-- DIRECTIONS --
Look through the entries below and extract exactly the lines from the one containing "配吊带裙的外披夏大码胖MM刺绣镂空花边黑薄纱上衣女蕾丝罩衫开衫" through the one containing "Gallery Dept. Paint-Splatter", ends included.

=== Section Start ===

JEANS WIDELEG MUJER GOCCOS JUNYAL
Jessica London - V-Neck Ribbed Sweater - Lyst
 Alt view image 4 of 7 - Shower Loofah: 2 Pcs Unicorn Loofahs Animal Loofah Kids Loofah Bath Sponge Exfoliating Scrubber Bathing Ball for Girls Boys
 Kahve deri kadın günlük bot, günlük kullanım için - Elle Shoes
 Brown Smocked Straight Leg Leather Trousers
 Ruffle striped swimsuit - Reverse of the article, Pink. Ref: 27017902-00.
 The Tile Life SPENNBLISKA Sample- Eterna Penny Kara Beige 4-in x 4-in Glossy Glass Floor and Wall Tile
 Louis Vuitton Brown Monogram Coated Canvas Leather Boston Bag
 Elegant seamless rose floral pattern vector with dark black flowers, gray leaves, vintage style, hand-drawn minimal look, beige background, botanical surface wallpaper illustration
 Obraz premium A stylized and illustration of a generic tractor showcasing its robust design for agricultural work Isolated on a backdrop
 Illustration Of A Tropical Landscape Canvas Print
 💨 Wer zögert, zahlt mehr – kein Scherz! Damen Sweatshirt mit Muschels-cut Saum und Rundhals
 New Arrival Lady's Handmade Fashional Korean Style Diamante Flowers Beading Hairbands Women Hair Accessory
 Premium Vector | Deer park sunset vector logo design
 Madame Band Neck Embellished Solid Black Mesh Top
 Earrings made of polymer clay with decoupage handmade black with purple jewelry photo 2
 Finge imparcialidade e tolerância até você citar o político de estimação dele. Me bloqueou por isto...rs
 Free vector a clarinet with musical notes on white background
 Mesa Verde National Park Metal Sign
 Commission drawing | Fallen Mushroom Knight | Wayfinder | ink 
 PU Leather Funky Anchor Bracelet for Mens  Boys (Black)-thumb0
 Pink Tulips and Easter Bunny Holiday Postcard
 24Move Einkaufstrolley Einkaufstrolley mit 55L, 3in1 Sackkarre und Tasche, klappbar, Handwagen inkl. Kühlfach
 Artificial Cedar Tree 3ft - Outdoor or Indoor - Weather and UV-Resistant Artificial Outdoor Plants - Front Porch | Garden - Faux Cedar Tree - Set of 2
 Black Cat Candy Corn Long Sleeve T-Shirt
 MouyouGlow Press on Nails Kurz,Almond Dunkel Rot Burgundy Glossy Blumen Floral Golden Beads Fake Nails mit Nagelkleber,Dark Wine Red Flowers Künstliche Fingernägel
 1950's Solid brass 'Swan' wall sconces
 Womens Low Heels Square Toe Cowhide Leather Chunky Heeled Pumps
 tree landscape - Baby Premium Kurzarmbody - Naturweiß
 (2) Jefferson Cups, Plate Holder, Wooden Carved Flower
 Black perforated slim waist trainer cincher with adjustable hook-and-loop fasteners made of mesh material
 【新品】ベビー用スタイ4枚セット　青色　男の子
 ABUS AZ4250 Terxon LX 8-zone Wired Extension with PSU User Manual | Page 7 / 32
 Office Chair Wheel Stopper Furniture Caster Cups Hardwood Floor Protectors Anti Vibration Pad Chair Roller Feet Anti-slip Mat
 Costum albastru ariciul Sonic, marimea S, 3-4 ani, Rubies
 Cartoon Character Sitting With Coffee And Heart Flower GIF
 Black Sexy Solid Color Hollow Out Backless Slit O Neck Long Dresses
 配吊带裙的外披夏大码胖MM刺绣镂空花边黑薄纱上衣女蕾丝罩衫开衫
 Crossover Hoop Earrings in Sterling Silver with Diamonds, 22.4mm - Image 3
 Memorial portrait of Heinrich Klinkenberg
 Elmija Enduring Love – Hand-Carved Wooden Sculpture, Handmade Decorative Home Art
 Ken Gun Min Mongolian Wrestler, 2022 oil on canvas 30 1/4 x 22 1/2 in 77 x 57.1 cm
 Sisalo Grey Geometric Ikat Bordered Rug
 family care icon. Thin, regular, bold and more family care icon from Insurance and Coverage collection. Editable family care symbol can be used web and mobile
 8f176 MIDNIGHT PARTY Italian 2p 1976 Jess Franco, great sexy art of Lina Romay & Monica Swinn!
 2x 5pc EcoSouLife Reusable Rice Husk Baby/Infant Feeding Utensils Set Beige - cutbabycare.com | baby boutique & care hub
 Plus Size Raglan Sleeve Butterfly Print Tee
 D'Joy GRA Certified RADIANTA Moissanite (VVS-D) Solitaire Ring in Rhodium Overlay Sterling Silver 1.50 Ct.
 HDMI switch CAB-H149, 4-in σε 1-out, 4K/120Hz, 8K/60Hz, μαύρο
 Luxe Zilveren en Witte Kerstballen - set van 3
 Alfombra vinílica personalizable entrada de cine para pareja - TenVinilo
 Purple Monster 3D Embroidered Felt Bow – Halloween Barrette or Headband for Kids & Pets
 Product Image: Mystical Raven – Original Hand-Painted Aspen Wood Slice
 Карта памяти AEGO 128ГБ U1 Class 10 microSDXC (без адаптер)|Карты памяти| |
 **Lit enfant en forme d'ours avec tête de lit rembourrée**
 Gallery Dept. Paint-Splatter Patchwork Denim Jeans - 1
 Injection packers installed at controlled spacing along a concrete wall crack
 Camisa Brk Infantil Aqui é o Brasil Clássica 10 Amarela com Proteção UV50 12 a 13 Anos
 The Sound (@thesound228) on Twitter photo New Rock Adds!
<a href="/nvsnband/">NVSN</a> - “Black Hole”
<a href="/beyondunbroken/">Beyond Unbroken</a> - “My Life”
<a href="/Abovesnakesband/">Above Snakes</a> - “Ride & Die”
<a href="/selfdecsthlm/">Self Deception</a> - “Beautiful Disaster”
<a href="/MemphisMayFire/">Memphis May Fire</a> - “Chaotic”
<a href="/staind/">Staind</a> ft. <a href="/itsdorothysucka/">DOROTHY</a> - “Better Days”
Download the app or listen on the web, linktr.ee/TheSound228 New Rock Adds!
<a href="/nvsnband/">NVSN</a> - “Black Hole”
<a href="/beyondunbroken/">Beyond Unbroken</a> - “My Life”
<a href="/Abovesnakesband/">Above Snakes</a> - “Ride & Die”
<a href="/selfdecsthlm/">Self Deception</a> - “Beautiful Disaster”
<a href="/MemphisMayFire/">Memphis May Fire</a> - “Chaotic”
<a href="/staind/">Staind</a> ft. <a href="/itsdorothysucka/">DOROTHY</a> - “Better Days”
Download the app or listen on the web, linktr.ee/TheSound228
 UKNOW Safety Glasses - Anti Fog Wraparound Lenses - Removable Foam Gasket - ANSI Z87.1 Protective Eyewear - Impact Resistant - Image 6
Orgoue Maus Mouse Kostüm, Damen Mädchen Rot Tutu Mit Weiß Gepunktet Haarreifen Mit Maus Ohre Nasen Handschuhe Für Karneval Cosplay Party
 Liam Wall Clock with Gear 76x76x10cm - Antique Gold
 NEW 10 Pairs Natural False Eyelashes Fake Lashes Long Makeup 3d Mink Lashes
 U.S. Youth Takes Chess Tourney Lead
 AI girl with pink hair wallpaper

=== Section End ===

-- SOLVED EXERCISE --
 配吊带裙的外披夏大码胖MM刺绣镂空花边黑薄纱上衣女蕾丝罩衫开衫
 Crossover Hoop Earrings in Sterling Silver with Diamonds, 22.4mm - Image 3
 Memorial portrait of Heinrich Klinkenberg
 Elmija Enduring Love – Hand-Carved Wooden Sculpture, Handmade Decorative Home Art
 Ken Gun Min Mongolian Wrestler, 2022 oil on canvas 30 1/4 x 22 1/2 in 77 x 57.1 cm
 Sisalo Grey Geometric Ikat Bordered Rug
 family care icon. Thin, regular, bold and more family care icon from Insurance and Coverage collection. Editable family care symbol can be used web and mobile
 8f176 MIDNIGHT PARTY Italian 2p 1976 Jess Franco, great sexy art of Lina Romay & Monica Swinn!
 2x 5pc EcoSouLife Reusable Rice Husk Baby/Infant Feeding Utensils Set Beige - cutbabycare.com | baby boutique & care hub
 Plus Size Raglan Sleeve Butterfly Print Tee
 D'Joy GRA Certified RADIANTA Moissanite (VVS-D) Solitaire Ring in Rhodium Overlay Sterling Silver 1.50 Ct.
 HDMI switch CAB-H149, 4-in σε 1-out, 4K/120Hz, 8K/60Hz, μαύρο
 Luxe Zilveren en Witte Kerstballen - set van 3
 Alfombra vinílica personalizable entrada de cine para pareja - TenVinilo
 Purple Monster 3D Embroidered Felt Bow – Halloween Barrette or Headband for Kids & Pets
 Product Image: Mystical Raven – Original Hand-Painted Aspen Wood Slice
 Карта памяти AEGO 128ГБ U1 Class 10 microSDXC (без адаптер)|Карты памяти| |
 **Lit enfant en forme d'ours avec tête de lit rembourrée**
 Gallery Dept. Paint-Splatter Patchwork Denim Jeans - 1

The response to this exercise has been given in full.